Menurut Moeldoko, KSP selama ini tidak pernah menerima aspirasi dari para tenaga kesehatan yang tidak setuju dengan RUU Kesehatan.
Dia menegaskan yang tidak setuju malah tak datang ke KSP. "Justru yang setuju dari berbagai dua gelombang yang datang ke KSP untuk memberikan dukungan penuh agar segera diundangkan. Justru yang tidak setuju tak pernah hadir," kata Moeldoko.
Mantan Panglima TNI ini menegaskan bahwa UU Kesehatan sudah menjadi keputusan politik DPR dan pemerintah.
"Jalan dahulu, sudah, nanti di mana persoalannya akan ketahuan, mungkin ada hal yang perlu dilihat kembali atau aturan-aturan di bawahnya yang akan menyesuaikan, tinggal begitu, ya," tambah Moeldoko.
Dalam pernyataan resminya, Ketua Umum PB IDI Adib Khumaidi mengatakan UU Kesehatan cacat secara hukum, sebab disusun secara terburu-buru dan tidak transparan, tanpa memperhatikan aspirasi dari semua kelompok, termasuk profesi kesehatan.
Selain itu, kata Adib, masih banyak substansi di dalam UU Kesehatan yang belum memenuhi kepentingan kesehatan rakyat Indonesia.
IDI juga menyorot pencabutan sembilan UU lama yang diselesaikan dalam UU Kesehatan Omnibus Law pada waktu enam bulan. Adib pun menyinggung tentang hilangnya mandatory spending di dalam UU Kesehatan sebagai komitmen negara di tataran pemerintah pusat dan daerah.
Adib mengatakan keputusan itu membawa konsekuensi privatisasi sektor kesehatan yang komersial melalui sumber dana pinjaman dari luar negeri. Kementerian Kesehatan menyebut ada 11 UU terkait sektor kesehatan yang telah cukup lama berlaku sehingga perlu disesuaikan dengan dinamika perubahan zaman.
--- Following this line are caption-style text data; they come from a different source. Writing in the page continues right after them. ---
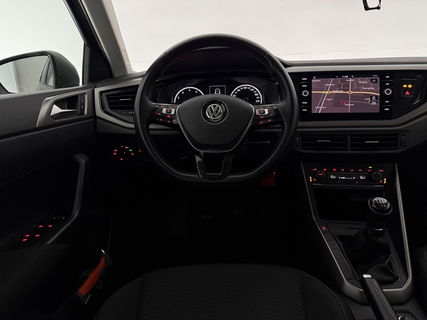 Volkswagen Polo 1.0 TSI | LED | Carplay | Adaptive Cruise | Navigatie | Stoelverw. | NAP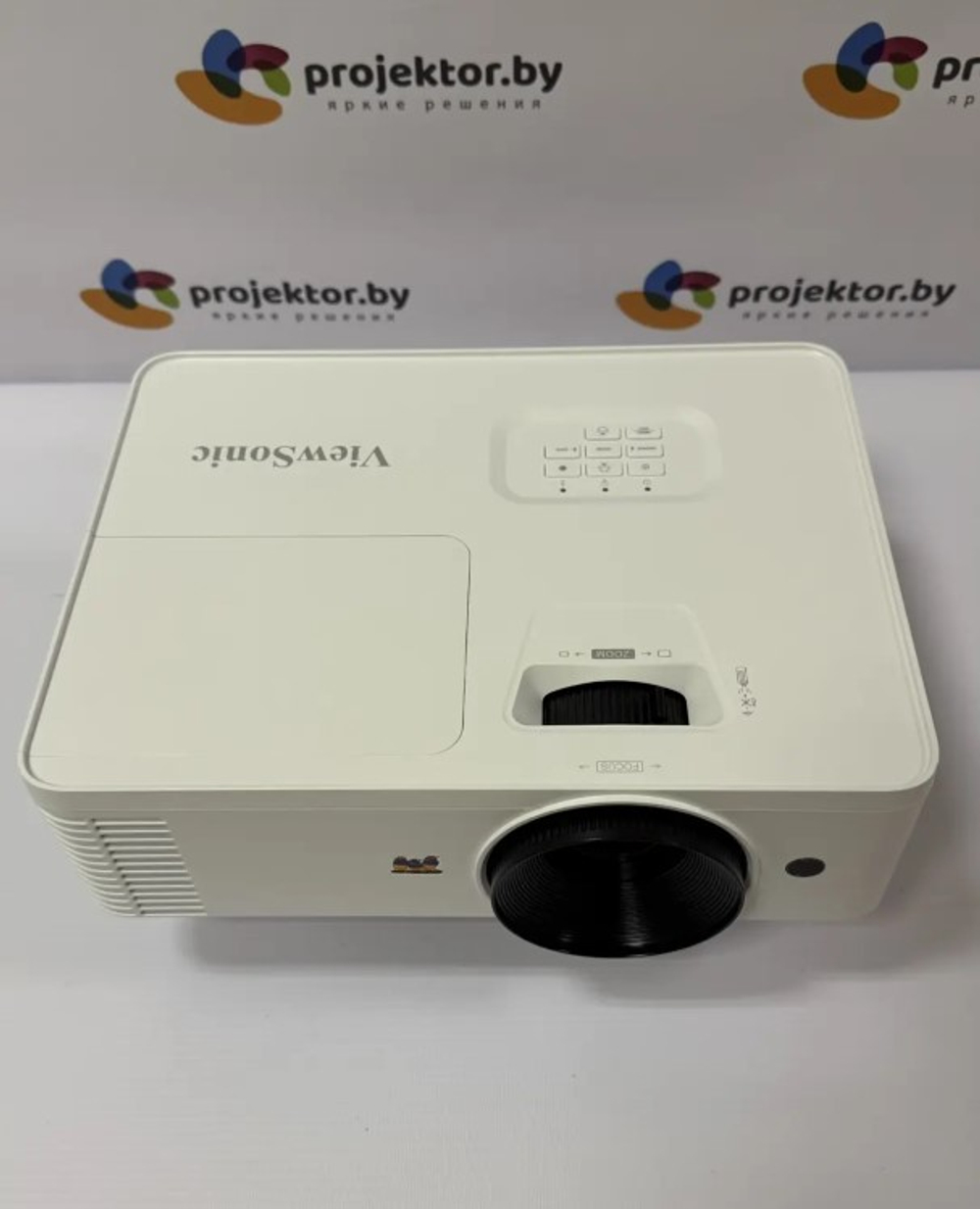 Проектор ViewSonic PA700W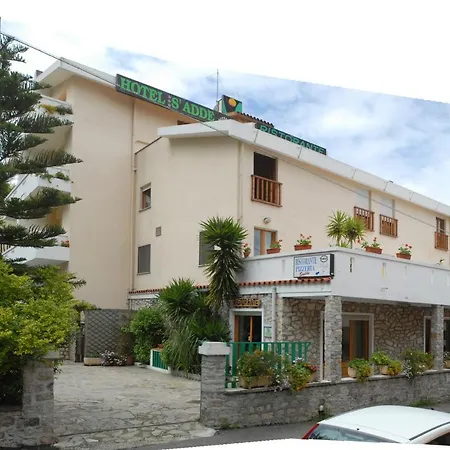 S'adde Hotel Dorgali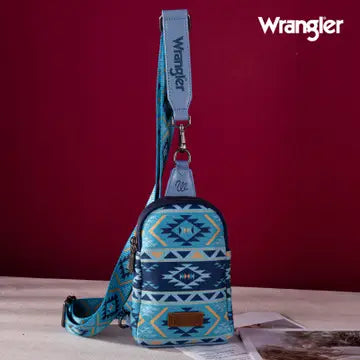 Wrangler Purses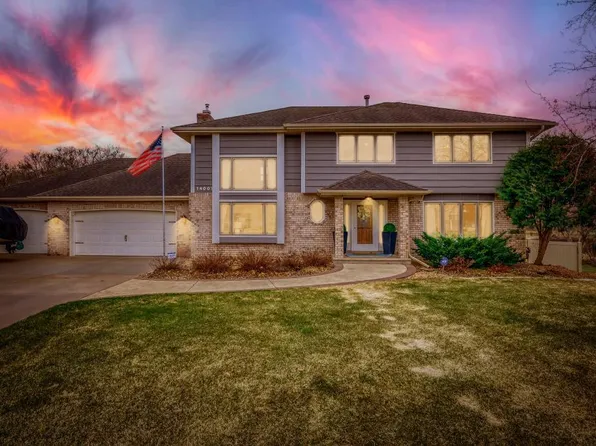 14007 Yellow Pine St NW, Andover, MN 55304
Pemerintah sependapat dengan DPR terkait dengan ruang lingkup dan pokok-pokok hasil pembahasan yang telah mengerucut berbagai upaya peningkatan kesehatan Indonesia ke dalam 20 bab dan 458 pasal di UU Kesehatan.
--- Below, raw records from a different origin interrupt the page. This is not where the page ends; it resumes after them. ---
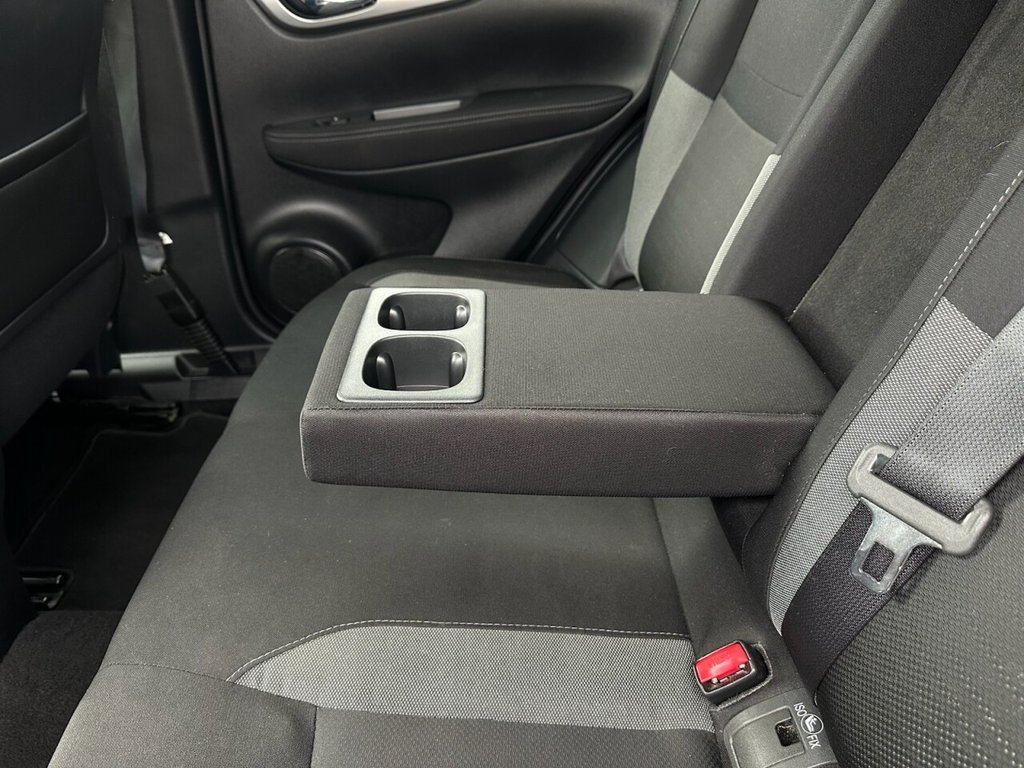 Used Nissan Qashqai 2017 for sale - 78158530: Photo 31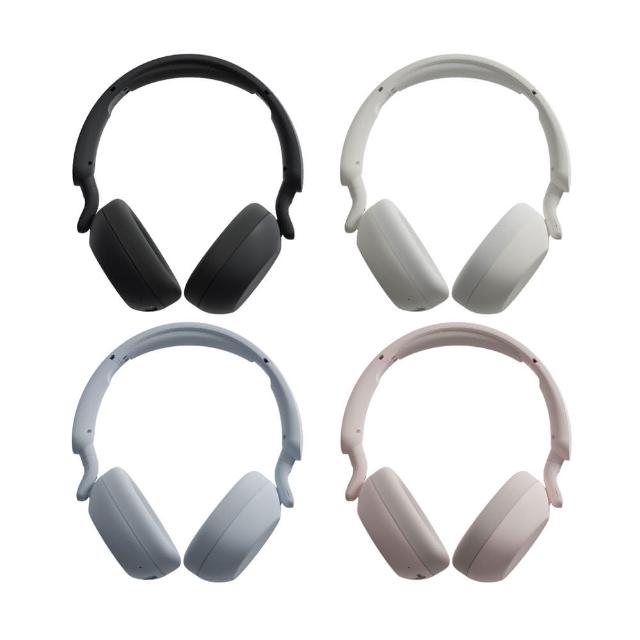 【Sudio】R3 耳罩式藍芽耳機(4色可選)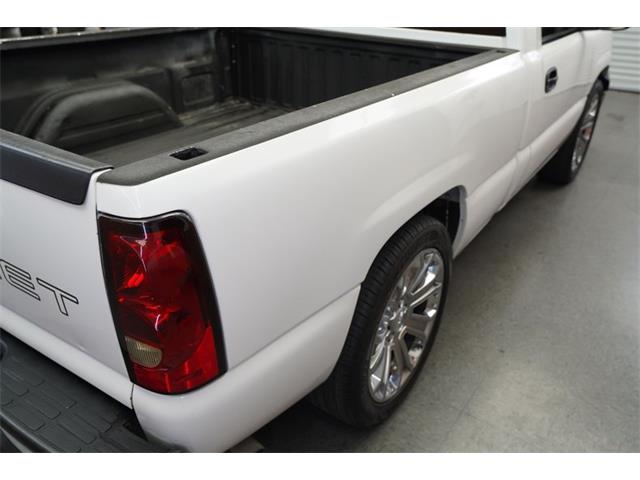 2006 Chevrolet Silverado 1500 (CC-2084807) for sale in Mesa, Arizona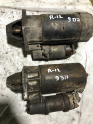 Oto Çıkma Parça / Renault / R 9 / Elektrik / Marş Motoru / Çıkma Parça 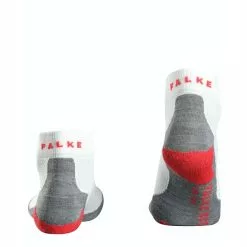 Falke Ru5 Lightweight Short Men Socks 19 Falke Ru5 Lightweight Short Men Socks -pyöräkauppa 74932 2 whitemix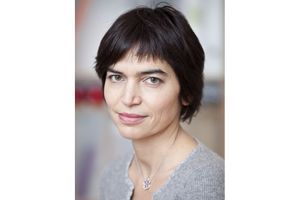 Valérie Batigne, fondatrice et présidente de Sapiendo-retraite.fr.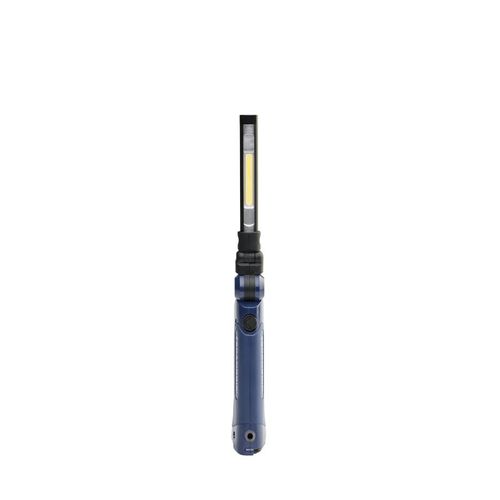 Torcia LED - MINI SLIM - SCANGRIP - a emissione ottica a scintille / da lavoro / compatta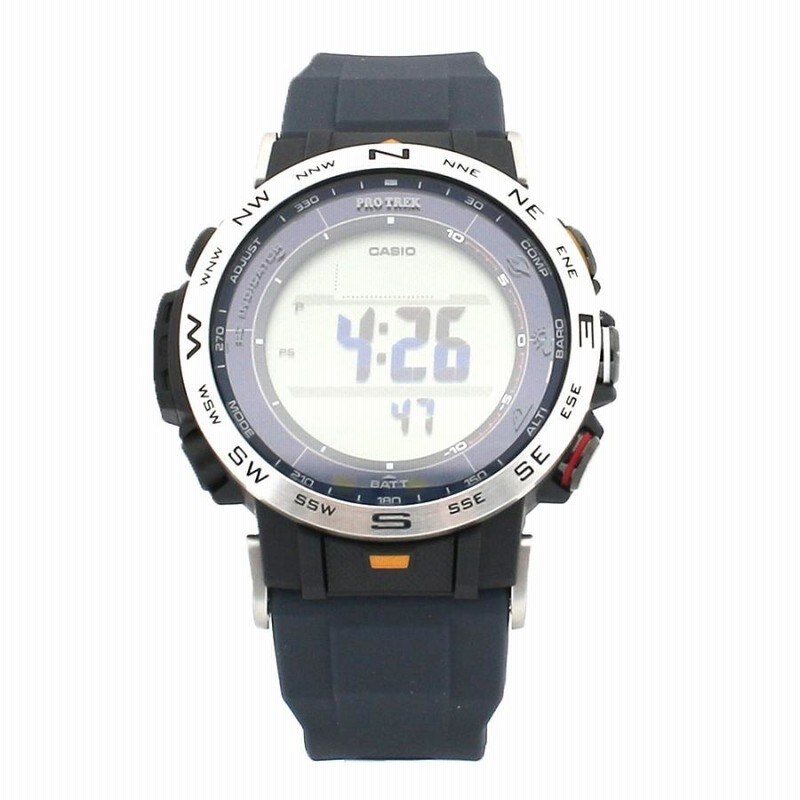 CASIO PRO TREK デジタル腕時計 プロトレック PRW-30AE Amazon.co.jp: [カシオ] 腕時計 プロトレック クライマーライン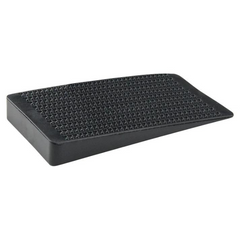 Stabilizer Table Wedge Bk 1 ea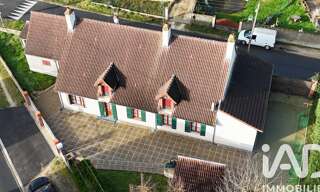 Maison 4 Pièces 117 m² à vendre à Romorantin-Lanthenay (41200)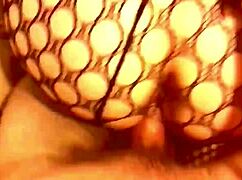 i meant to say her sexy ass in lingerie craves big cock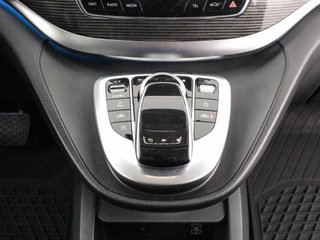 MERCEDES VANS V-CLASS V 250 D AVANTGARDE LONG 190CV 5P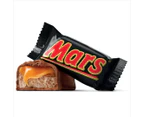 3 x 12pk Mars Fun Size Share Bag 192g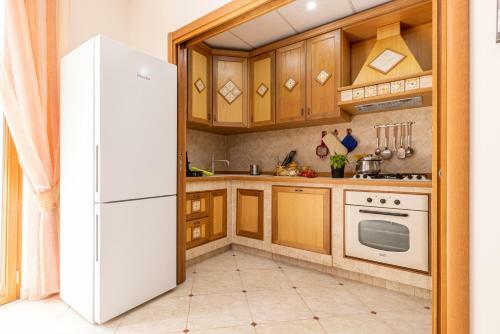 Il Vicoletto Apartment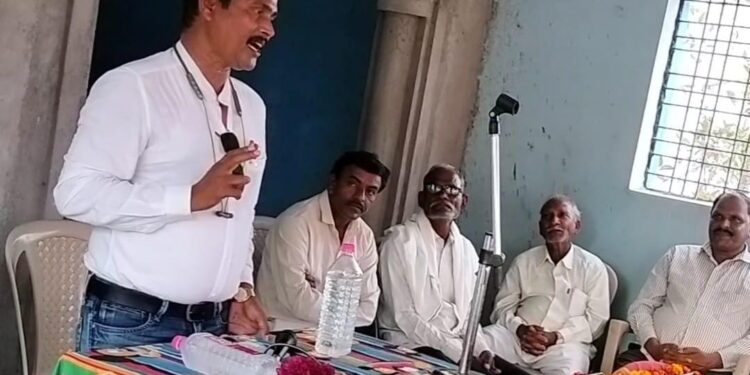 रमाईच्या त्यागातून निर्माण झालेली सामाजिक क्रांती गतीमान करण्याची गरज – बाळू टेंभुर्णे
Sebelumnya, pemerintah telah melaksanakan setidaknya 115 kali kegiatan dalam rangka meaningful participation, baik dalam bentuk forum diskusi maupun seminar yang dihadiri 1.200 pemangku kepentingan dan 72 ribu peserta.
Pemerintah sudah menerima setidaknya 6.011 masukan secara lisan dan tulisan, maupun melalui portal partisipasisehat. (ant/jpnn/fajar)
Sentimen: positif (100%)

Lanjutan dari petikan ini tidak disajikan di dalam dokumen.